So they did the logical thing. They discontinued publishing the M3 statistic in 2006.

Yep, they decided we just need to bury our heads in the sand and the developing crisis would just go away.

But did it?

http://www.shadowstats.com/alternate_data/money-supply-chart...


Dear God.


There will always be a distribution of opinions and therefore people with "foresight".

The real challenge is to design a system with more stability.

My opinion is that while we have had many putative capitalists in charge of regulating markets, we have very little understanding of what it takes for markets to function well. One thing missing from the debate is an interest in reducing informational asymmetries. If I have two bags of apples one paper and one see-through plastic, you are going to buy the plastic bag (environmental issues aside).

Our financial markets don't work very well, because financial accounting is the opaque paper bag.


The problem is, there are always a lot of people seeing a crash coming.
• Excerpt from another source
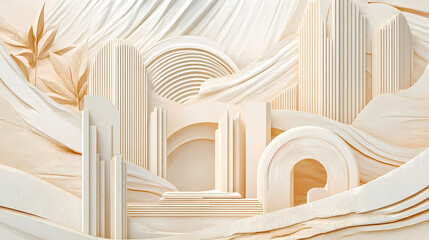 Fototapeta premium Curved ivory natural contour features with geometric textures for wallpaper mural design. Architectural Style. Illustration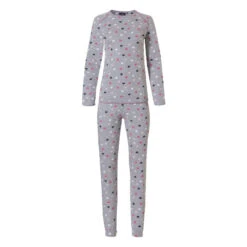 Pyjama Coton Coeur Gris -Velours Intime Boutique pyjamacoeurgriscoton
The difficult part is telling if they are right or just being crackpots.


By definition, the people involved in the bubble believes the situation is sustainable. They HAVE to.

Its a herd phenomena, with a real price rise enforcing the belief in the trajectory of those price increases.

But at some point, despite all efforts to recruit more people into the bubbly market, price increases slow then stall and beliefs change and the down trend inevitably begins.

The naysayers, the non-believers, those darn negative people who don't buy in and reinforce the bubble but actively try to save their friends, will always be swimming against the tide.

The difficult part is distinguishing between social proof and actual facts.

The fact is that most of us are followers and that will always be the case. That's how we're wired. If it weren't, societies wouldn't even be possible.

The best we can hope for is to keep the use of force out of the equation. We were all forced to take on the risks of all that lending, something we would not have done voluntarily.

Now we are on the hook for it and some day we will realize how truly costly it has been.

Til then, feel free to think of me as a crackpot.


1.) 'Crackpots' labeling is an easy way for corporate mass media to label the truth tellers to discourage you from researching further (If you look at 2005-2007 CNBC interviews, they called alot of these people 'crackpots') 2.) Most of the time these 'truth tellers' are way early in their calls. It's up you to look at the numbers/charts and figure out when the said phenomenom should occur.


Unfortunately there are also real crackpots, and they all claim to be marginalized by the establishment. If I have to look at the numbers and charts and figure it out myself, then I would rather also find the data myself. Then I avoid getting data that is doctored or otherwise deceiving.

That said, it is often worth paying attention to those who are a little bit outside the mainstream. That goes especially in economics, which is far from an exact science, and is full of political agendas.


Agreed; you put it better than I did :)


1) 'Crackpot' labeling is also an easy way to label the crackpots, to discourage you from wasting your life either believing nonsense or trying to argue against it. It is not worth my time to do independent research on the question of whether the Americans actually landed on the moon.

2) You know what they say about broken clocks and being right. Someone who is always predicting a collapse will successfully predict any collapse.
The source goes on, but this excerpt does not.